Task to complete » Go through the listing and set it down exactly, leaving out its pictures.

Recorded data »
#####
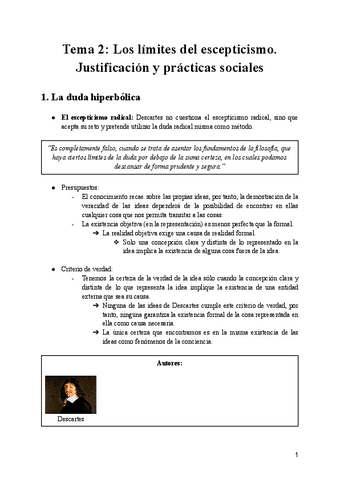 Tema-2-Los-limites-del-escepticismo.-Justificacion-y-practicas-sociales.pdf
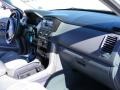 Starlight Silver Metallic - Pilot EX 4WD Photo No. 26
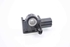 Picture of Sensor de airbag frente central Ford Focus de 2011 a 2014 | 8V4T-14B006-AA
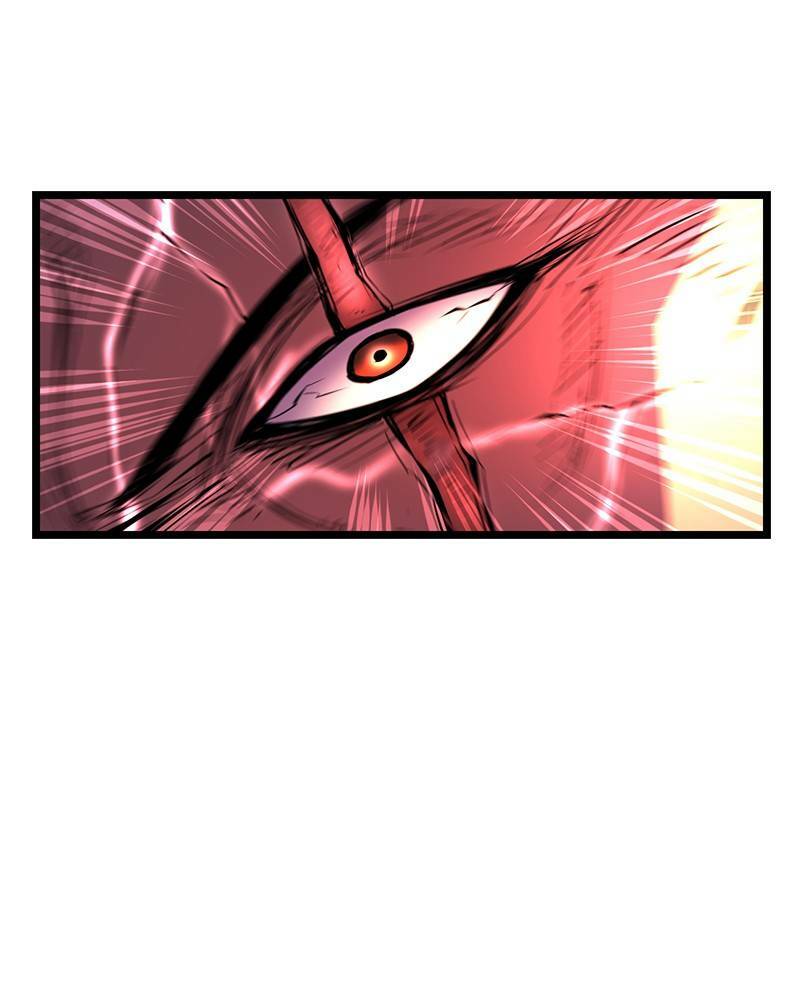 Phòng Gym Hanlim - Chapter 50 - Page 70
#####
Result for this task »
 Tema-2-Los-limites-del-escepticismo.-Justificacion-y-practicas-sociales.pdf
 Starlight Silver Metallic - Pilot EX 4WD Photo No. 26
 Picture of Sensor de airbag frente central Ford Focus de 2011 a 2014 | 8V4T-14B006-AA
 Phòng Gym Hanlim - Chapter 50 - Page 70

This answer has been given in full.